TASK: Leave out every picture, and return exactly the lines from the line containing "飞时达土方计算软件 V12.1 免费版（飞时达土方计算软件 V12.1 免费版功能简介）" through the end of the records below, both inclusive.

[Dataset excerpts]
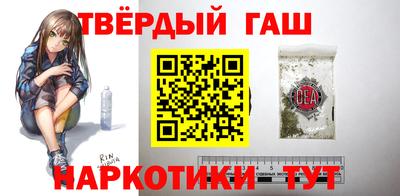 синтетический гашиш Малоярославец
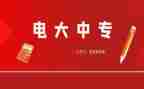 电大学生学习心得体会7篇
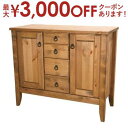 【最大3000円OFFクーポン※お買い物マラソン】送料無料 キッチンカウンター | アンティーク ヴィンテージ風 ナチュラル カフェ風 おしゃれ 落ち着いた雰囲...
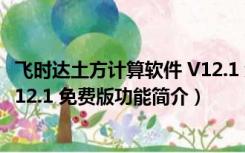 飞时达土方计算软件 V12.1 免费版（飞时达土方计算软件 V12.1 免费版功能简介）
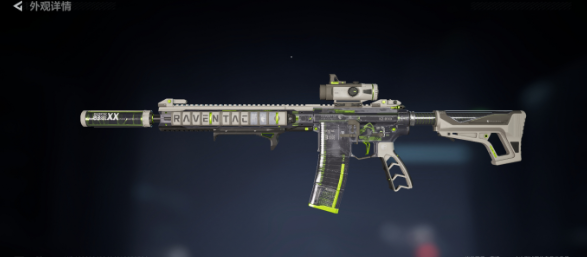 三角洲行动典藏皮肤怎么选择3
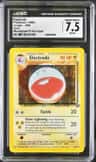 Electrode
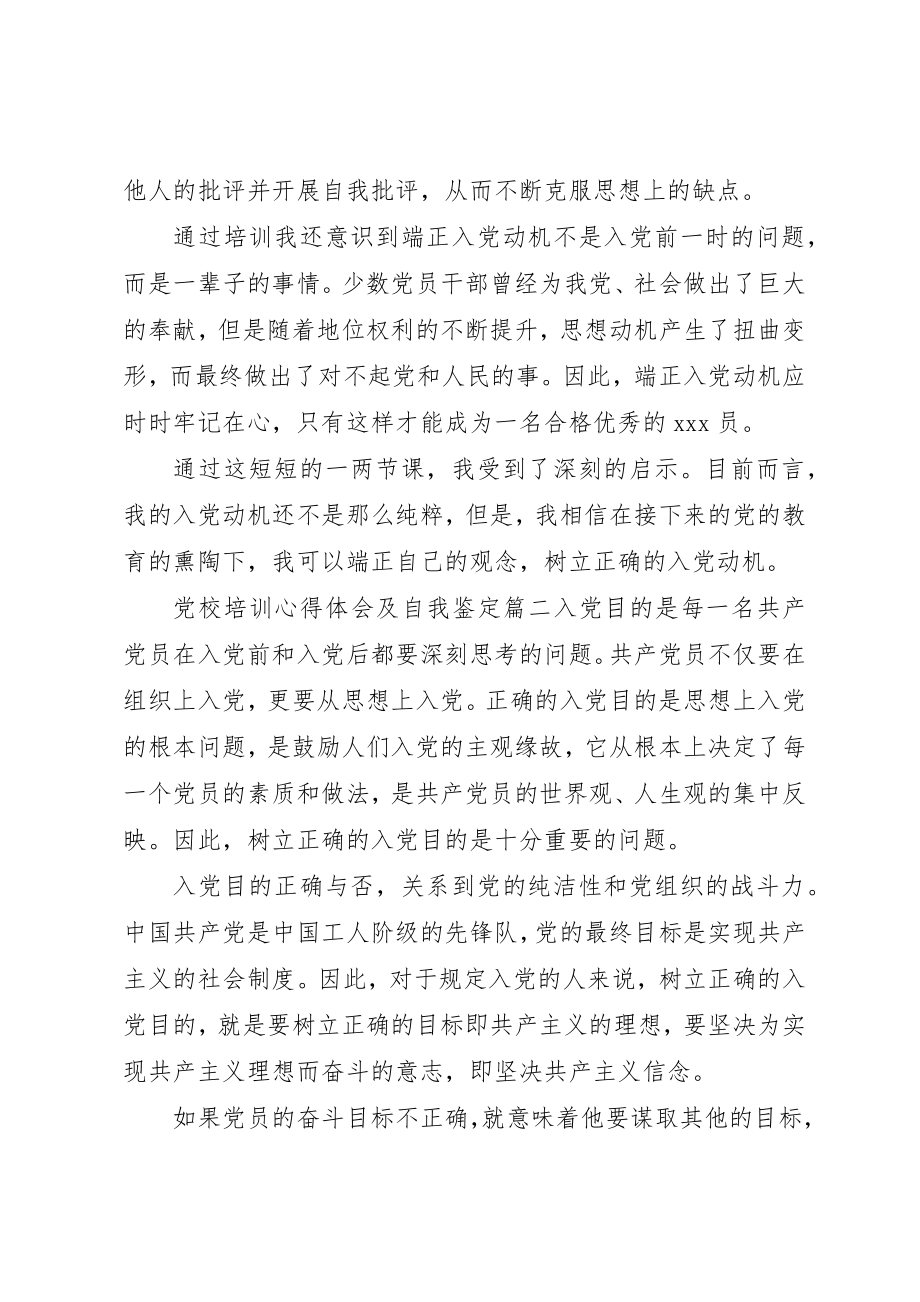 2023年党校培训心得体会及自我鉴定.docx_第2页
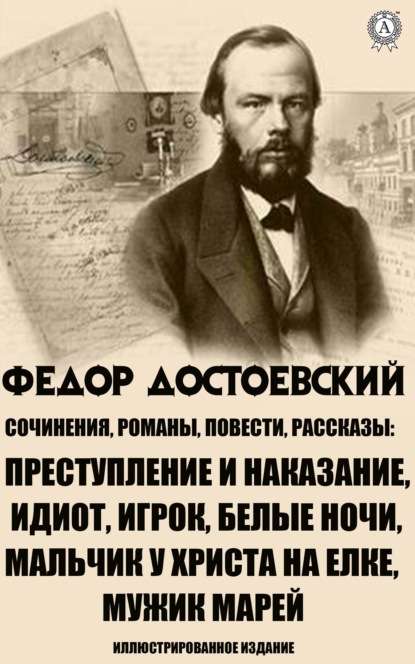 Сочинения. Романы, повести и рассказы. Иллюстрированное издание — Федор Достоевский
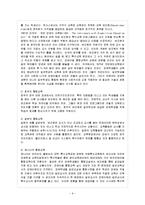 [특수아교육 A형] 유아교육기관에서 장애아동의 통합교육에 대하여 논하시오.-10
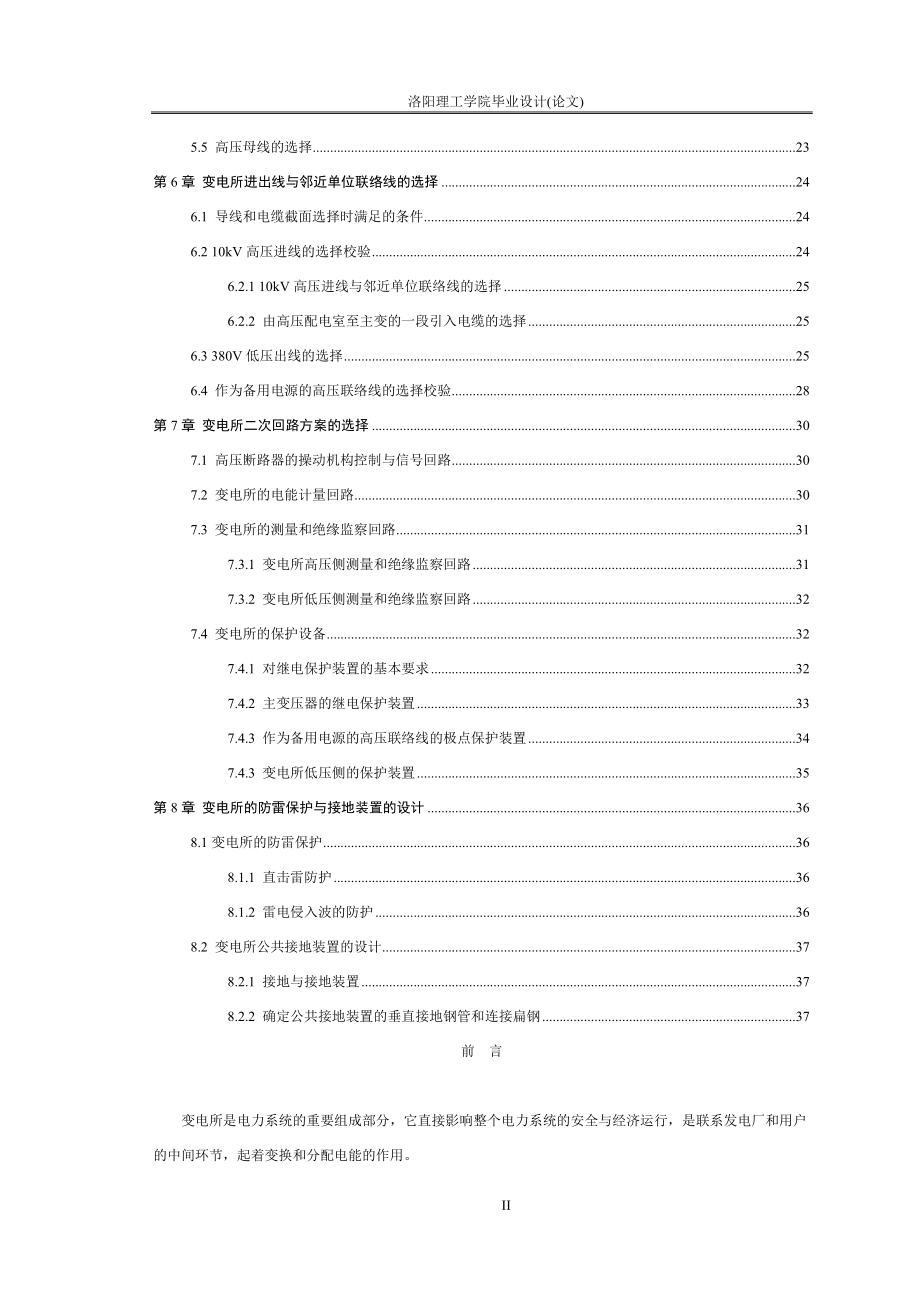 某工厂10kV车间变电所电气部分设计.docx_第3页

EXPECTED ANSWER:
 飞时达土方计算软件 V12.1 免费版（飞时达土方计算软件 V12.1 免费版功能简介）
 三角洲行动典藏皮肤怎么选择3
 Electrode
 2023年党校培训心得体会及自我鉴定.docx_第2页
 Сочинения. Романы, повести и рассказы. Иллюстрированное издание — Федор Достоевский
 [특수아교육 A형] 유아교육기관에서 장애아동의 통합교육에 대하여 논하시오.-10
 某工厂10kV车间变电所电气部分设计.docx_第3页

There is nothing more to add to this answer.